## [Data supplied]
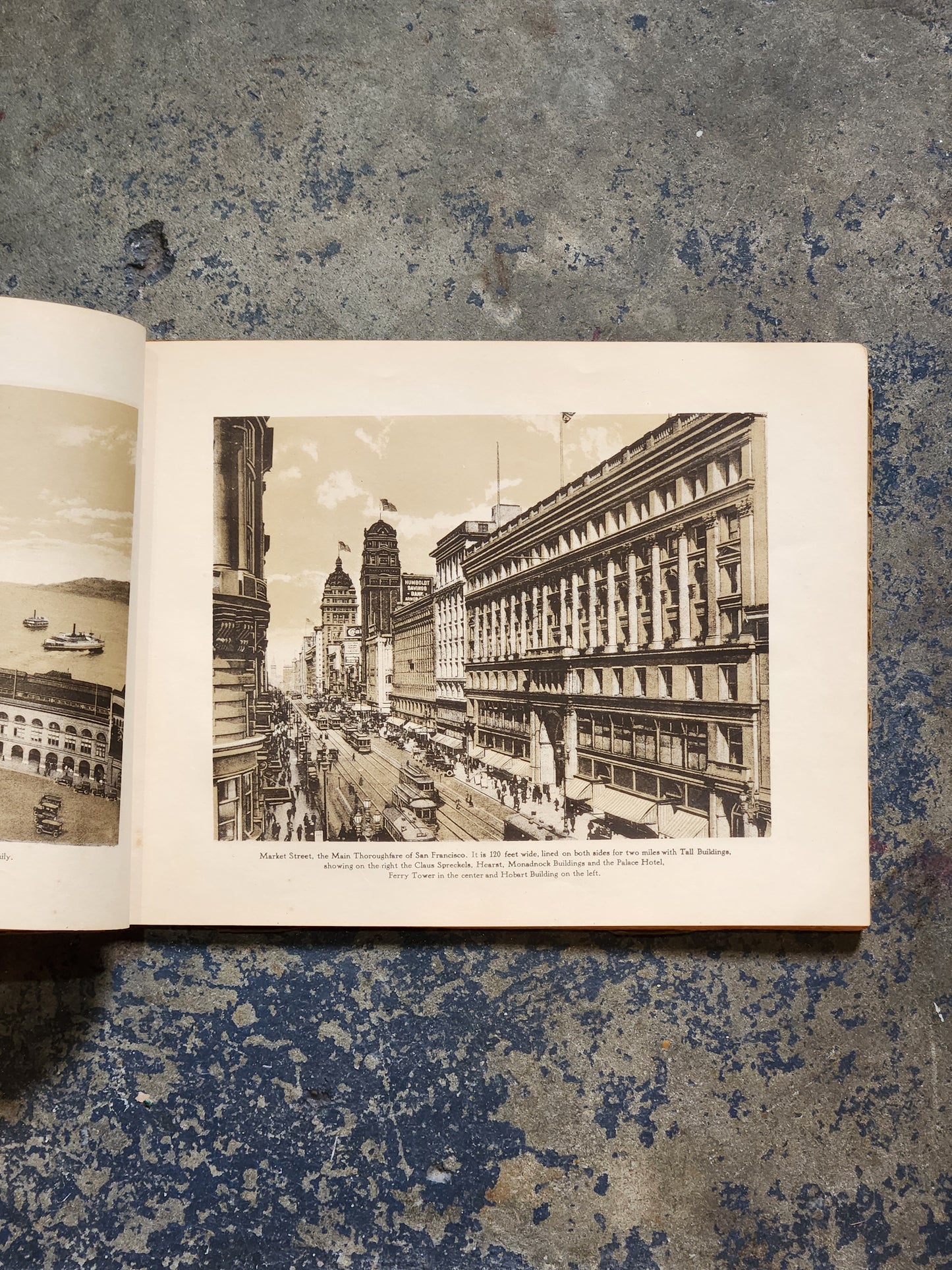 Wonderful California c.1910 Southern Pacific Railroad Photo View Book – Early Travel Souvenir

...

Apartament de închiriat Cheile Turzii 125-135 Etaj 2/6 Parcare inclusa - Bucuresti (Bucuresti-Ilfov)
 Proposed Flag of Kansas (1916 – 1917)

* * *

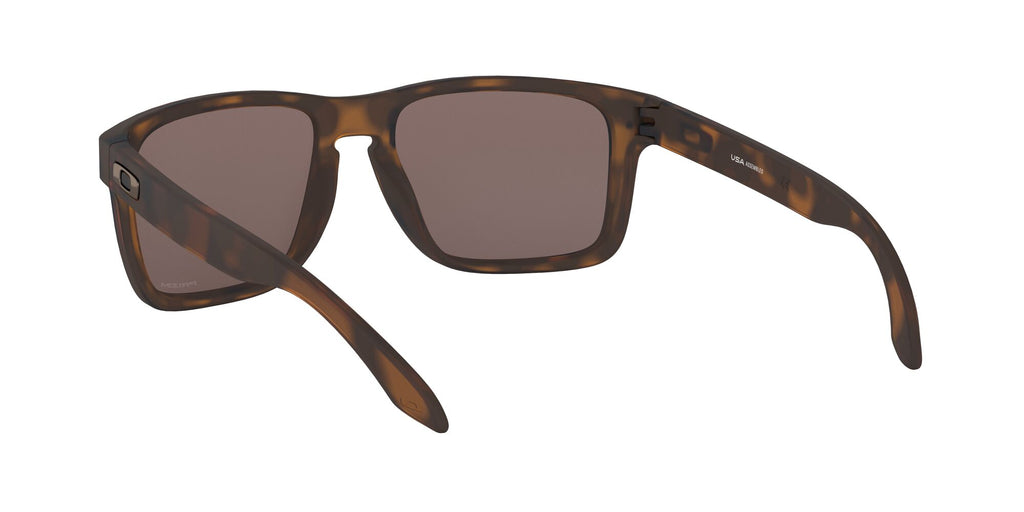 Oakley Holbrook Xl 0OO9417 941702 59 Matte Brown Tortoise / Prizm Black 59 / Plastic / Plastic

## [Activity]
Reproduce word for word the material above, starting with the line that has "Apartament de închiriat" and stopping after the line that has "Proposed Flag of Kansas (1916 – 1917)".

## [Worked solution]
Apartament de închiriat Cheile Turzii 125-135 Etaj 2/6 Parcare inclusa - Bucuresti (Bucuresti-Ilfov)
 Proposed Flag of Kansas (1916 – 1917)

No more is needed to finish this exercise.